Mayo gardeners seeing the value of seaweed for summer gardens

COUNTRYFILE

WHEN I went as far as the ocean it was to find what had previously been a long strand of golden sands nothing more than a thick, stinking mess of washed up seaweed.

There was so much of it, and so advanced was the state of decomposition, it was impossible to walk more than a few yards before being cut off.

Close to where I had left the car, a young couple were filling black bin bags with the putrid material.

I asked them what they planned to do with it. “It's great for the potatoes,” said She, before He interjected: “It's great for the whole garden. There's nothing that grows that won't grow better with a layer of seaweed.”

That may be so. In fact, I'm sure it is, for a score and more years ago that might have been me out there gleaning, helping myself to that green-brown sludge, that gift from the sea.

Now here's a thought. The water off the west coast is as clean as any seawater in the world. It is warm(ish), and thanks to our profligate lifestyle it is more full of nutrients than is properly good.

It does grow seaweed, and grows it well, as is evidenced by the state of our beaches after every bit of a storm.

As we know, all seaweed is edible. It might not all be tasty, or appetising, or flavoursome, but it is perfectly digestible. Mind you, I wouldn't want to be reliant on it for more than a few days.

Most certainly it must be cooked, and only living plants shoud be harvested for the table. Anything washed up might have been dead for days, and is likely to introduce all who indulge to a small dose of dysentry, or similar.

But among the thongweed, the bladderwrack and other delightfully named items, we find old favourites such as dillisk and sea lettuce. I recall a rather one-way conversation with an elderly gentleman who was tucking into a bale of dillisk like a half-starved horse eating hay.

So enthusiastic was he about his mid-morning snack he could hardly get a word out, but had to be content with nodding in agreement to everything I wanted to know.

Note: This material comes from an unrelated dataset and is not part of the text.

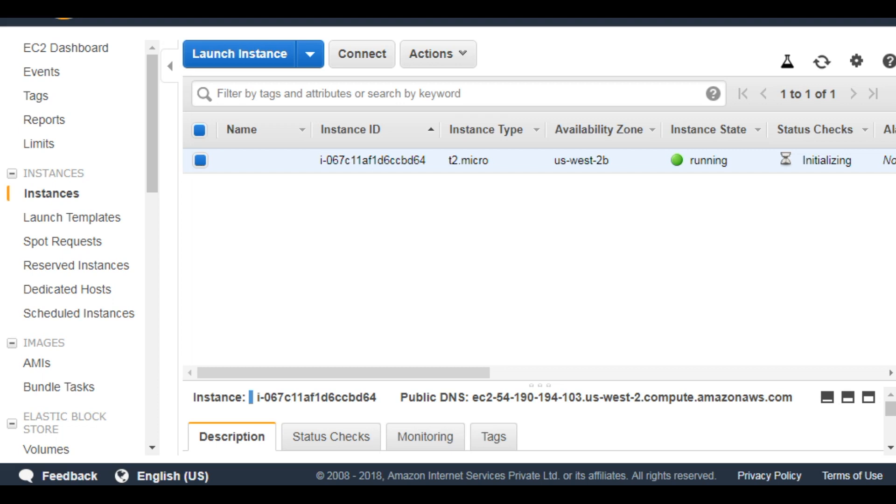For more videos on automation with Ansible, please subscribe to my channel and please watch this section for the next video, which is on scenario 2 for launching EC2 instances from EC2 bastion. Thank you.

As far as I could tell, that brown and blotchy, salt-encrusted leafy material was merely cut from rock pools at low tide and allowed to dry out a little. It required no special treatment and could be eaten raw.

There are two types of seaweed which I have actually eaten, and only one of them was cooked. The other was the sea lettuce already mentioned. In texture it resembled wet leather, and it tasted, rather unsurprisingly, like the sea.

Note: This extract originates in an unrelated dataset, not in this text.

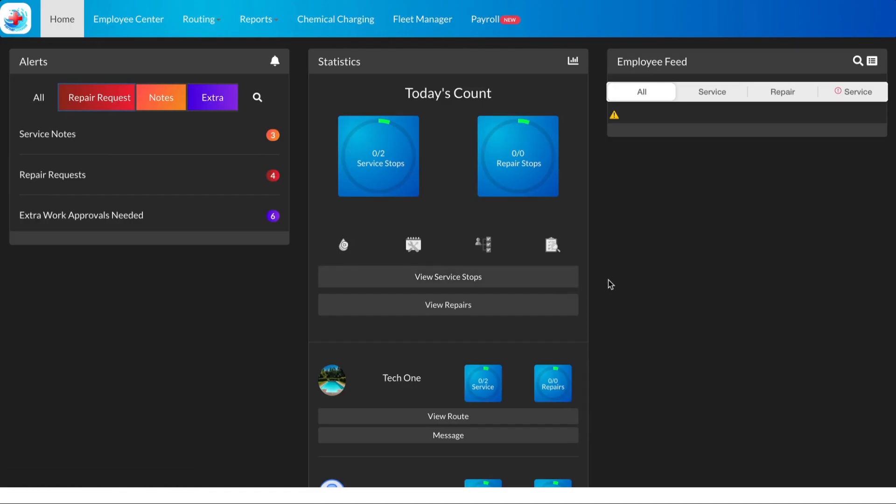Hello and welcome to Pay the Pool Man. Today we're going to walk through a feature called Service Inspector. Service Inspector is a report that can help you catch issues with a pool before they begin.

The other had the offputting name Ulva intestinalis, or gutweed. This common algae (all seaweeds are algae) takes its name from the appearance of its green fronds, which very much resemble green intestines.

In some places (where people like to confuse themselves) it is also called sea lettuce, but as we must differentiate between the two, we shall go with gutweed.

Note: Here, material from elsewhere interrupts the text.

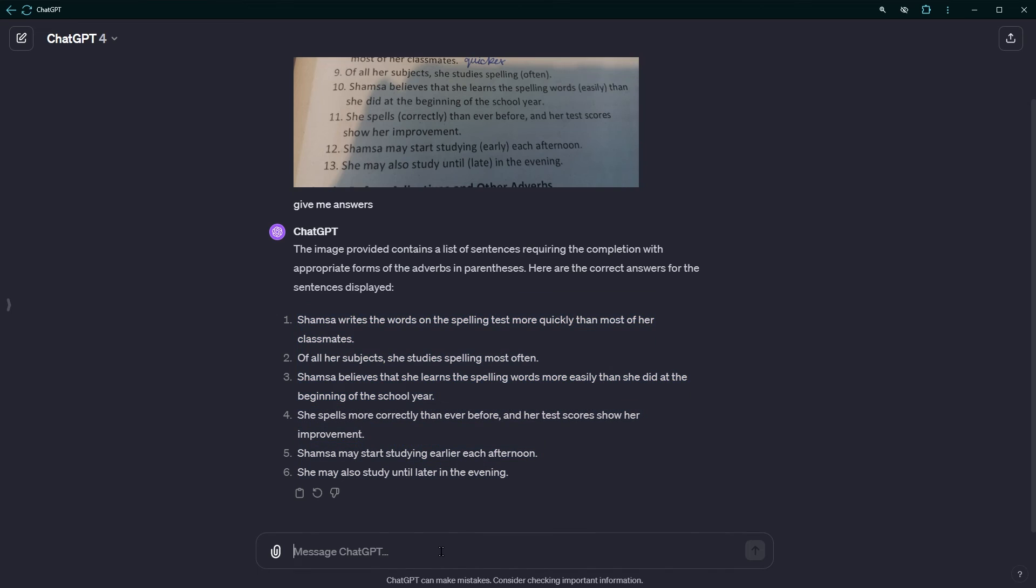So use images or screenshots to ask questions without typing. I do this all the time when I have to help kids with their homework. It saves a lot of time and removes the need to type everything to get the answers.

Picked straight from the rocks and eaten raw, it strongly resembles weak string.

To get the best out of it, take it home, wash it under the tap to get some of the salt out (and to give the little creatures that live within the fronds their freedom), give it a good shake to get rid of excess water and drop it into the deep-fryer.

The result is a revelation. It is crisp. It tastes a bit like shrimp – proper wild shrimp that you'd like to catch yourself and cook on a skewer over an open fire. It is delicious.

And the sea is full of the stuff. Nobody else wants it. Apart from one young couple who'd put it on the potato patch, rather than on a plate. Bon appetit!